More by Alex Nauda
| Author: Alex Nauda
This article will get a bit deeper into how to turn service level objectives (SLOs) into a tool for balancing investments in new features and in improving the reliability of your software.
Error budgets can be thought of as a conceptual model for understanding acceptable risk in your services. You want to provide a highly reliable service to customers, but because of diminishing returns of marginal error rate reduction, you aren’t setting your SLOs impossibly high. We call it a “budget” because your organization can allocate (or spend) it and track its current balance. It can also be manufactured like a fiat currency (which can actually devalue reliability, more on that later). Depending on your budget refresh schedule, your acceptable error rate, your current balance, and your rate of burn, you can rationalize many competing priorities across a large scale software organization.
We need to attach a form of consequence to the error budget that has a real effect on the allocation of resources within the organization.

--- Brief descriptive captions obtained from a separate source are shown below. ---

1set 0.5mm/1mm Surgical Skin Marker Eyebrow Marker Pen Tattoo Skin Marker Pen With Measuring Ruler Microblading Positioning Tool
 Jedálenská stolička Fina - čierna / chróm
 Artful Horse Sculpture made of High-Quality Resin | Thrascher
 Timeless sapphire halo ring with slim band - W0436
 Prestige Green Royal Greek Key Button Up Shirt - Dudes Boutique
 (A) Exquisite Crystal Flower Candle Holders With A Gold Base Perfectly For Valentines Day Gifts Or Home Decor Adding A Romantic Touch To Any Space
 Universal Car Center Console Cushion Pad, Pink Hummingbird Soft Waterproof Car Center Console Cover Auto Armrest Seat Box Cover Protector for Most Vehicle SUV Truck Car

But first, back to the basics – how do we calculate an error budget in the first place? Whatever SLO you set below 100% implies an “acceptable” error rate for your service. Just take 100 minus your SLO and that’s your error budget. So if you have a “three nines” service, your acceptable errors (and therefore your error budget) for the SLO is .1%. You could also describe this as 1 error per 1,000 service requests. If you are striving for “four nines,” your budget becomes 1 error per 10,000 service requests. Generally speaking, the larger the budget the more freedom you have to change the system (which introduces risks) but the impact is users won’t be able to rely on the service as much. On the other hand, minimizing an error budget means you don’t have much wiggle room for mistakes or interruptions to service and you will have to put a lot more thought and energy into how you manage risks associated with changes in your system.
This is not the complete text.